I chose Version 1 but added the longer sleeves from Version 2. I sew with a lot of prints, and the line drawings and examples for the launch made me think about stripes to start with. You can definitely go all out with prints, color blocking and piping for this one, but I also wanted to see what it looks like in a solid color without any flair to it. It has a classic look to it, and I like that.
My fabric is a red wool crepe. It's not great to be standing outside in Kansas humidity in a lined wool crepe dress! If you look closely at the pictures you can see that I'm actually starting to melt. My measurements are 34-28-38. Based on the sizing chart I initially chose a 2 in the bust graded to a 6 in the waist and hips. The waist and hips were too big so I went with a straight 2 and it fits well. The bust was too roomy above the darts. I pinned out what I didn't want, measured it (it was a 1/2 inch for me), made a straight line cut on the flat pattern, overlapped one side of the cut over the other 1/2 inch, and taped it.. I'm not sure if that's a legitimate way to adjust a pattern, but it worked for me.

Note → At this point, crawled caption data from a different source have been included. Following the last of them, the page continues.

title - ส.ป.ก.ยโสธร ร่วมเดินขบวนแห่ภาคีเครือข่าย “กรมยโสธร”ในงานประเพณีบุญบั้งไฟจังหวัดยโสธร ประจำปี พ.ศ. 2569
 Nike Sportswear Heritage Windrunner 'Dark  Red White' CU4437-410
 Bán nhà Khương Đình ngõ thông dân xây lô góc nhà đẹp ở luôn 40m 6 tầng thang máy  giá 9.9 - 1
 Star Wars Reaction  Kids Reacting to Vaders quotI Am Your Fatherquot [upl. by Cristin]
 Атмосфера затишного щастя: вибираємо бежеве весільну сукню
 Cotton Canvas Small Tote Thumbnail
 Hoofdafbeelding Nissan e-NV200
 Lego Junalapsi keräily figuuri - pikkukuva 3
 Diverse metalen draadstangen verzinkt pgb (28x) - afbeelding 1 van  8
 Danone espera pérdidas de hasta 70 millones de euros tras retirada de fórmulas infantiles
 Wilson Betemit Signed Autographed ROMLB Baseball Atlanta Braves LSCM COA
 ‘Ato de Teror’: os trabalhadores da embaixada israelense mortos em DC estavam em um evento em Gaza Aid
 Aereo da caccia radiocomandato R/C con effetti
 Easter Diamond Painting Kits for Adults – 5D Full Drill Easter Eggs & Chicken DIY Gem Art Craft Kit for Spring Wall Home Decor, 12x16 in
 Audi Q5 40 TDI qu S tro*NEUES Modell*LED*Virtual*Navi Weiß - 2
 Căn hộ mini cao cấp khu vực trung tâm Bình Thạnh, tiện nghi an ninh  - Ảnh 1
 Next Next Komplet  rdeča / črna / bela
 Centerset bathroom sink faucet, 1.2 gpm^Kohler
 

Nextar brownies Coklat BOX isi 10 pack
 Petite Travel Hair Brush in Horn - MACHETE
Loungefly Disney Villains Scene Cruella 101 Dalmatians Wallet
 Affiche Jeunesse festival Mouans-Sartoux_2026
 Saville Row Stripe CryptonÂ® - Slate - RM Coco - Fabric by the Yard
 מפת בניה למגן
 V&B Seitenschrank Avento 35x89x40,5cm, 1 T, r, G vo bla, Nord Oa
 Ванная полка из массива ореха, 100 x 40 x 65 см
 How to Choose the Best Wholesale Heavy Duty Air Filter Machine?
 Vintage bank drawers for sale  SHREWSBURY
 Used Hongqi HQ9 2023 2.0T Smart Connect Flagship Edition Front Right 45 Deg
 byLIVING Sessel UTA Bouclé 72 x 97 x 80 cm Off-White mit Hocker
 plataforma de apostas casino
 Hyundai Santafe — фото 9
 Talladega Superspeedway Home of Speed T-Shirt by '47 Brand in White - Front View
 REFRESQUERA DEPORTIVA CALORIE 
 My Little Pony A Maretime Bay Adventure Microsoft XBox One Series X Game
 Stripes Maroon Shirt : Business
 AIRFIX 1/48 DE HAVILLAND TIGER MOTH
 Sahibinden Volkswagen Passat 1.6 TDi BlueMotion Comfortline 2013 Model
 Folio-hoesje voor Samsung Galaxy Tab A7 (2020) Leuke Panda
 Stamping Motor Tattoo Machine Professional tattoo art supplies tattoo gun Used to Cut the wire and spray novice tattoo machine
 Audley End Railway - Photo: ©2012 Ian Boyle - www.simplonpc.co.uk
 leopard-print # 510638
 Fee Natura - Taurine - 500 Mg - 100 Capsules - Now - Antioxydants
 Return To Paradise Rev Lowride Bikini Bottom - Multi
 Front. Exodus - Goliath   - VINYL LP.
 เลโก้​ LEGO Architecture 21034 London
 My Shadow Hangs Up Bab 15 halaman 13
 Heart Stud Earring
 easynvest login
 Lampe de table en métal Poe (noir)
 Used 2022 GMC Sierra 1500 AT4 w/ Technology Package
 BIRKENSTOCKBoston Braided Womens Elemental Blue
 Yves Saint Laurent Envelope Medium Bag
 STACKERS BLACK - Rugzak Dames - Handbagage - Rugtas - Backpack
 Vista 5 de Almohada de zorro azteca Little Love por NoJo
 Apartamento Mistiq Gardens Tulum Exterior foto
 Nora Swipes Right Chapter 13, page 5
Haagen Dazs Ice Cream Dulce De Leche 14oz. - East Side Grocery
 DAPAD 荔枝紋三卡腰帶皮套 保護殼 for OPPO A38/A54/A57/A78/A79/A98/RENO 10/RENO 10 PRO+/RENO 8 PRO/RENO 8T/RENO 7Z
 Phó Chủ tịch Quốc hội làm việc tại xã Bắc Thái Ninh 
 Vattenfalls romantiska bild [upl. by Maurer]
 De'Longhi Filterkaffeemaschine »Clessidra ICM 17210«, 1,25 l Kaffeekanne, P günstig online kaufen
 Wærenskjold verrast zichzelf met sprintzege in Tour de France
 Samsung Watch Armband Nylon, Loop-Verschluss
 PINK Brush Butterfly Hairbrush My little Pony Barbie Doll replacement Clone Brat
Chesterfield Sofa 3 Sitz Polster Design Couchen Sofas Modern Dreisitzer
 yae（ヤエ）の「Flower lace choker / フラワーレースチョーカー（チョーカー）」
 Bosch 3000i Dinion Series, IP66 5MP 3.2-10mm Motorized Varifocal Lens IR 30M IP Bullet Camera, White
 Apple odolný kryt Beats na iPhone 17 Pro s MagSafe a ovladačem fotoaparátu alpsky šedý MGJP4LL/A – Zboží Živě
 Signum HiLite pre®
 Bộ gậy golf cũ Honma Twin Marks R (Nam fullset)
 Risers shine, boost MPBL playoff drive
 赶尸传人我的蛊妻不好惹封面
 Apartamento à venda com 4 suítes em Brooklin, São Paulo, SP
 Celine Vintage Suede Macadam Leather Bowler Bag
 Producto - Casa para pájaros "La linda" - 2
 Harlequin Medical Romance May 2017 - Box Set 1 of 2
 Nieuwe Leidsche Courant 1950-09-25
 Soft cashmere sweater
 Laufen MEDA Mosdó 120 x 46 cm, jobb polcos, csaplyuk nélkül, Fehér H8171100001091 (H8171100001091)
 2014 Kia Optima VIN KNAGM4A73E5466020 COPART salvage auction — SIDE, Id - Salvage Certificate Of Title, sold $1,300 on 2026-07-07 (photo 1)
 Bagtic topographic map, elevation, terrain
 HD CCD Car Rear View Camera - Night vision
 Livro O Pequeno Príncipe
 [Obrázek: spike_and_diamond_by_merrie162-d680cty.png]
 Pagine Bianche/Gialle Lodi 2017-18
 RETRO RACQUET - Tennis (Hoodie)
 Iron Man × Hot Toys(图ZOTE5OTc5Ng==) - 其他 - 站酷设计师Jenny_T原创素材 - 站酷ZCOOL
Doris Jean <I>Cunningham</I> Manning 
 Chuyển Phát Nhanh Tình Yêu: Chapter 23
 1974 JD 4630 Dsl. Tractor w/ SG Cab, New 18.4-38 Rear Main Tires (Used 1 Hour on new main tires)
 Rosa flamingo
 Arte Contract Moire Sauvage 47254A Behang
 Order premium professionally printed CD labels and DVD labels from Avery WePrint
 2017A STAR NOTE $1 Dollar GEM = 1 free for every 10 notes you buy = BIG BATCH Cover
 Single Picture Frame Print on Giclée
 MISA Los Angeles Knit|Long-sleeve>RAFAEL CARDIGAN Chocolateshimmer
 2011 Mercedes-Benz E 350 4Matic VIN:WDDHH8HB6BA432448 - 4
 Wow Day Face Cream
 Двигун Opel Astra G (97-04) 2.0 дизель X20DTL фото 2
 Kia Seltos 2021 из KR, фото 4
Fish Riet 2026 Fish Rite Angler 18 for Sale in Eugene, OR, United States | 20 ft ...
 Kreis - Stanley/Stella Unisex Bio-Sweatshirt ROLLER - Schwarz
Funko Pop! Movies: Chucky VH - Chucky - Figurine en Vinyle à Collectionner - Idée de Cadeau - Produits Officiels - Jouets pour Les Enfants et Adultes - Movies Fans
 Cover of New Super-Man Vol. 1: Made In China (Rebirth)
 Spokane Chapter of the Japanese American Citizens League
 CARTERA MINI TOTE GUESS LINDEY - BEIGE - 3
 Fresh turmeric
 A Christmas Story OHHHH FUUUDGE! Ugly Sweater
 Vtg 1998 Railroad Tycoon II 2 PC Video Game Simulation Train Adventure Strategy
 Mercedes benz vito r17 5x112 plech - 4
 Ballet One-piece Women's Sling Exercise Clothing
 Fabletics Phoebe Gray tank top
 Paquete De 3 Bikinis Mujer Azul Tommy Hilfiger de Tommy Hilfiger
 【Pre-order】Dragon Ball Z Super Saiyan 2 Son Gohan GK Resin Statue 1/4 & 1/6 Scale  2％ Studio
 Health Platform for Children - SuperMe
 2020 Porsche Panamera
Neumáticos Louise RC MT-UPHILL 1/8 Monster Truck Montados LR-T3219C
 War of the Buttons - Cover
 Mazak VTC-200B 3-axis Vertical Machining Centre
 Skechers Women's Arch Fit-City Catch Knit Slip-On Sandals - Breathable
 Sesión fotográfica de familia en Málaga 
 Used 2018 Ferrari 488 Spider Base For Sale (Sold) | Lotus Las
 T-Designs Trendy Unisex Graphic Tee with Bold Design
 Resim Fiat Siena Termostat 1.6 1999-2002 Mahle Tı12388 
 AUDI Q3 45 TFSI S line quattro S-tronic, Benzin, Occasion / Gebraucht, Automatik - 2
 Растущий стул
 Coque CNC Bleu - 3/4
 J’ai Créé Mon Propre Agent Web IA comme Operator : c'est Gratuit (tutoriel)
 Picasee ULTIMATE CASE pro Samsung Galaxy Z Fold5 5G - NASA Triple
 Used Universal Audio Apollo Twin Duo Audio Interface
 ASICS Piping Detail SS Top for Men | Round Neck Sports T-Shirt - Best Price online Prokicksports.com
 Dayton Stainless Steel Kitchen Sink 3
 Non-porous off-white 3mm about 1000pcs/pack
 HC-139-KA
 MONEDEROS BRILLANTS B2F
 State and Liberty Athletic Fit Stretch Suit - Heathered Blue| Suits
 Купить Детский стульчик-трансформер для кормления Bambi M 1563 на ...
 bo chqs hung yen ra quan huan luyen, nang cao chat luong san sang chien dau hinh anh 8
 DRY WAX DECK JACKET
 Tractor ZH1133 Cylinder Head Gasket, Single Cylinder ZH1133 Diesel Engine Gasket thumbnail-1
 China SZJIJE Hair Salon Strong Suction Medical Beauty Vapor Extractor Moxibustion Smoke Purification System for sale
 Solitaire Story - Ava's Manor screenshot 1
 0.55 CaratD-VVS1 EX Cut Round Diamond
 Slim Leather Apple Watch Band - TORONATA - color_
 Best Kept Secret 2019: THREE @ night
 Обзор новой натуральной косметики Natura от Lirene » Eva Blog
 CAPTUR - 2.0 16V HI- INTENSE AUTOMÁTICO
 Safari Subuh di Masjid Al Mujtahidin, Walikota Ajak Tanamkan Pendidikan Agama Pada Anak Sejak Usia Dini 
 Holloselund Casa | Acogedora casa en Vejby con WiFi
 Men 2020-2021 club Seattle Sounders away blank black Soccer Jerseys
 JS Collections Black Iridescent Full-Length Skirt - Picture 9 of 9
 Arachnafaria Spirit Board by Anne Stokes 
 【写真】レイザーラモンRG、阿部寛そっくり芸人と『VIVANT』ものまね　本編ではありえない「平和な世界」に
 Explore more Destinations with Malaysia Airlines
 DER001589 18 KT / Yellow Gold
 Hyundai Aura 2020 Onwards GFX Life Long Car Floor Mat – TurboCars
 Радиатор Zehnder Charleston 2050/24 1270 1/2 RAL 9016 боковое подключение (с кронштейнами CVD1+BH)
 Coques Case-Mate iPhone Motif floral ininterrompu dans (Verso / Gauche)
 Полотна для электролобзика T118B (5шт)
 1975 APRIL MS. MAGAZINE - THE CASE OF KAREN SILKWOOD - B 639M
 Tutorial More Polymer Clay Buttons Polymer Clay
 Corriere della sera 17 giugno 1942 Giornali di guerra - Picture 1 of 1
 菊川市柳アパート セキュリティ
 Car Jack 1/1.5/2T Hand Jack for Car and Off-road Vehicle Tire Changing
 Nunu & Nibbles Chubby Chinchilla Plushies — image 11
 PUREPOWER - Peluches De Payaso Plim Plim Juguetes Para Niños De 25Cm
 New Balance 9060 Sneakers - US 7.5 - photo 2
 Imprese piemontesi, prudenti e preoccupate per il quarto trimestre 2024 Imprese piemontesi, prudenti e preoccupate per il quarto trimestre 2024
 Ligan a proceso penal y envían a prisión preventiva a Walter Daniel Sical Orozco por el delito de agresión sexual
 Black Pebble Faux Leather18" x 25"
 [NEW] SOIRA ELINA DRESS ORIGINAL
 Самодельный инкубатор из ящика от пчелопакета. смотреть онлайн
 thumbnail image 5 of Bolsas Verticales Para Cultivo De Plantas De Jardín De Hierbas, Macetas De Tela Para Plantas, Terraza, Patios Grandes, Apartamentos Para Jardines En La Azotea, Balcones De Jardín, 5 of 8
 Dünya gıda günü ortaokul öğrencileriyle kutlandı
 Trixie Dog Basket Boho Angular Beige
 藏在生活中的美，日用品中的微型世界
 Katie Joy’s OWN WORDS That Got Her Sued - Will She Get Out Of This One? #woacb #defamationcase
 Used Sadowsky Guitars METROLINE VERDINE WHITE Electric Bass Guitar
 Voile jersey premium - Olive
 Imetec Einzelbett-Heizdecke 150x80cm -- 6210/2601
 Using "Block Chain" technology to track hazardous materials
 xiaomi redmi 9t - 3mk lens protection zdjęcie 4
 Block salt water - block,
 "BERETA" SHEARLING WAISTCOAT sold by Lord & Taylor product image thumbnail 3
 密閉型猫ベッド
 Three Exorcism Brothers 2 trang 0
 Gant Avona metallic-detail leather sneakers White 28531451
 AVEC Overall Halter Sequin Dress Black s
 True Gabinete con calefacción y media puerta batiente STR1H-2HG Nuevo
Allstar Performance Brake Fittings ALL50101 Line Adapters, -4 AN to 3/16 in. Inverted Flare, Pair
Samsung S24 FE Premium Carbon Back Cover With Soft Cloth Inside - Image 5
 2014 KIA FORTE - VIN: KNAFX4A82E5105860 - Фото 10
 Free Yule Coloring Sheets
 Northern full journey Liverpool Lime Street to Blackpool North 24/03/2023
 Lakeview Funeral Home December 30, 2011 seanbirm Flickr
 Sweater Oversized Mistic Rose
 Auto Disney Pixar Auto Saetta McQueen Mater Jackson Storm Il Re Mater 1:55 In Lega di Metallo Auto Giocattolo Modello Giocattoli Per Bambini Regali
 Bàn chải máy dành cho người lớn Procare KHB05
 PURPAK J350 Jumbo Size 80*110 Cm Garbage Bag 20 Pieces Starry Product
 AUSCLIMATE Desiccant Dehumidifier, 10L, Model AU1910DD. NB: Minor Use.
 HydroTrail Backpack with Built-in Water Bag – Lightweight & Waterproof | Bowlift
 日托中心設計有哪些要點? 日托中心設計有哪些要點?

As usual, the directions are very clear and there are always online tutorials for the tricky stuff. I appreciate the lining a lot on this dress. I rarely do a lining unless the pattern calls for it. If my main fabric is too thin I just underline it (maybe because I'm lazy?), but I do like the look of a lining. I will be able to come back to these lining instructions for other projects.
My lining is Cotton+Steel rayon. It's a happy burst of color!
This dress is very versatile for warmer and also colder months. My next version will most likely be in a floral print with piping, and I'm also wondering what it would look like if the bust piece was color blocked instead of the bottom bodice pieces. So many ideas...so little time.
I received a copy of this pattern prior to it's release, but all opinions in this blog post are my own.